Foco crise da água
Psicóloga ganha seguidores na internet ao documentar falta de água em 'diário'
Desde outubro do ano passado, Camila Pavanelli compila e comenta notícias em seu 'boletim' sobre a crise hídrica em SP
"Hoje é 26 de janeiro e o governo federal estima que as represas paulistas devem secar em quatro ou cinco meses."
Dia a dia, semana após semana. "Hoje é 2 de fevereiro, o sistema Cantareira caiu de 7,2% para 5% desde o começo do ano e a previsão mais pessimista da Sabesp em 2014 era de que, a essa altura, as represas já teriam recuperado boa parte do volume morto."
Começou em outubro como um diário no Facebook. Pouco depois, ganhou uma versão "mais organizada" e semanal em um Tumblr --espécie de blog.
A primeira postagem, em 15 de outubro: "Passada a eleição, a falta d'água já afeta todas as regiões da cidade de São Paulo", ao que se seguiu um link para uma reportagem da Folha naquele dia.

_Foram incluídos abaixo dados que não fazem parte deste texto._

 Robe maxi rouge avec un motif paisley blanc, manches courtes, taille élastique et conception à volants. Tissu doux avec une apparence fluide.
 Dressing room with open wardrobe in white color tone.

Não parou mais."Não tinha o projeto de fazer um diário. Reuni notícias que tinha lido durante o dia e alguns amigos compartilharam. No dia seguinte tive vontade de novo e, no seguinte, também", diz Camila Pavanelli, 32.

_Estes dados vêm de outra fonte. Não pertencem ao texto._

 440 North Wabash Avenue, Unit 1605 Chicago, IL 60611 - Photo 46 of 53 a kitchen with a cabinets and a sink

Psicóloga, formada pela USP, ela é a criadora do Boletim da Falta d'Água (boletimdafaltadagua.tumblr.com).
Acabou criando também um acervo onde está parte da memória recente da crise hídrica --com a chuva da última semana, o sistema Cantareira, o principal da Grande São Paulo e que atende 6,2 milhões de pessoas, subiu e chegou a 7,1% neste sábado (14).
"É uma tentativa quixotesca [de dividir informações e reflexões], fadada ao fracasso, mas, para mim, tem sido importante", diz Camila, que divide o tempo entre o doutorado em psicologia da arte, também na USP, e a internet.

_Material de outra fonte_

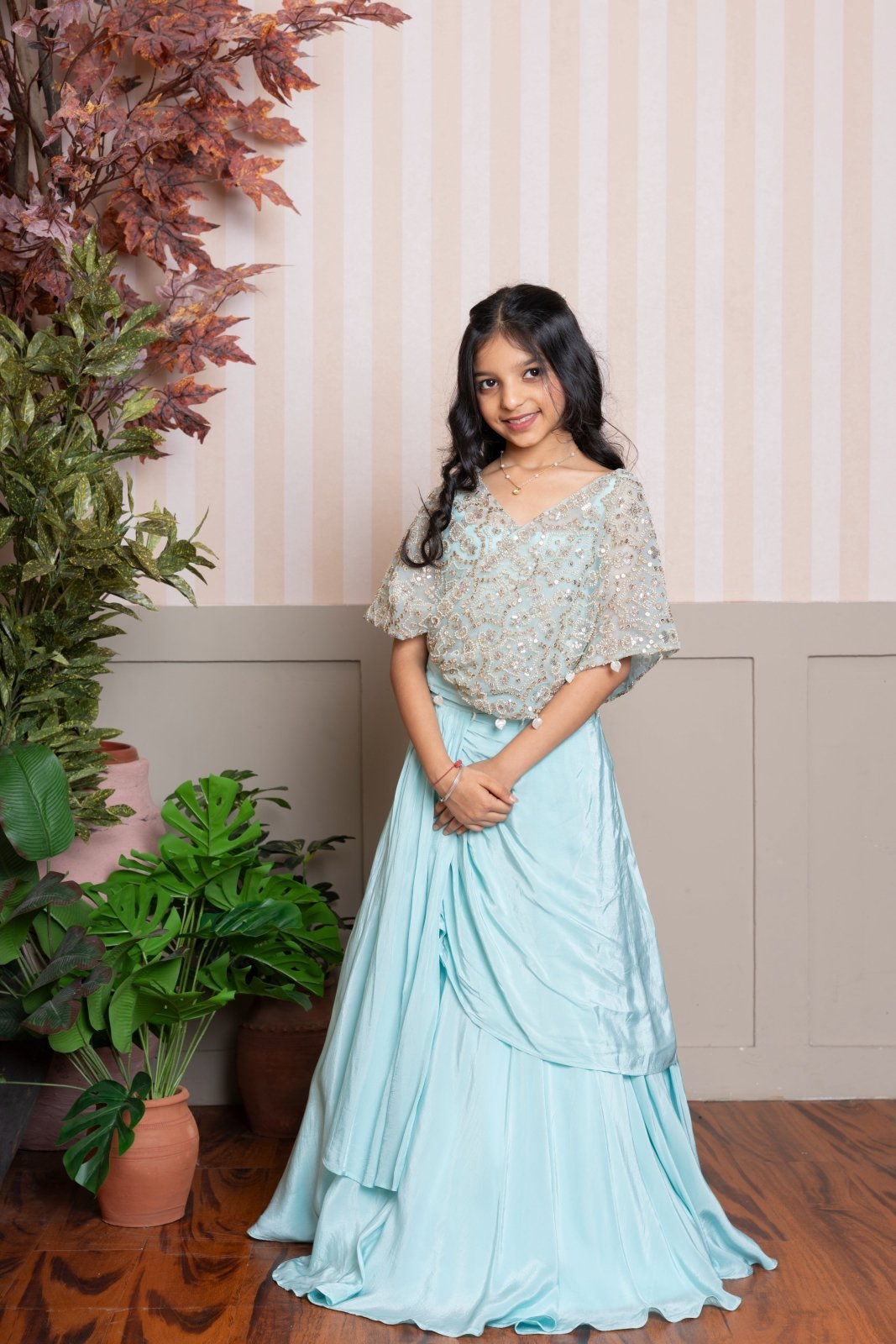 Twirl into elegance with this dreamy sea green cape top and lehenga set, perfect for festive flair. - Kirti Agarwal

Por vezes, após a seleção de notícias compartilhadas, o comentário é em tom de ironia.
Em 17 de outubro, saiu-se com essa: "Não estamos em outubro de 2014. Alckmin aprendeu com o pai que só chove em São Paulo nos meses que têm a letra "r" no nome. Neste mês, choveu até agora 0,4 milímetro, sendo que a média histórica do mês é de 130,8 mm. Estamos, portanto, em 'outublo' de 2014."
Aos poucos, novos seguidores foram aparecendo. Desde outubro do ano passado, pouco mais de 2.000 deles se somaram aos 1.500 que ela já tinha. "Odeio essa palavra", declara. "Mas é o nome que a rede social dá."
"O trabalho dela [Camila] tem sido importante pela compilação e por ajudar a comparar o discurso do governador na época das eleições e agora", diz a professora de geografia Andreia Bianchi, uma das fundadoras da Assembleia Estadual da Água, que reúne 70 organizações, entre ONGs e movimentos sociais.
NA RUA
Eleitora do PSOL no último pleito, Camila diz ser uma ativista contra o que classifica como "negação melancólica" da gravidade da crise da água pelo governo do Estado.
Fotógrafa e presença constante nos protestos contra a falta de água (foram ao menos três desde o final de 2014), Martha Slivak Lu, 43, diz que iniciativas como a de Camila despertam a opinião pública.
"Muitas pessoas acabaram sabendo mais sobre a crise hídrica através do blog", diz Martha, que mantém a página "A Crise da Água em São Paulo", no Facebook.
Na última semana, as duas se encontraram no vão livre do Masp, na Paulista, em manifestação marcada pelo movimento Lute Pela Água.
"Mais que analisar o que está acontecendo, quero participar da construção do que está acontecendo", disse Camila à Folha meia hora antes do início do protesto, que teve confusão e dois detidos.
Não que ela vá abandonar o blog. Na segunda-feira, 16 de fevereiro, tem mais.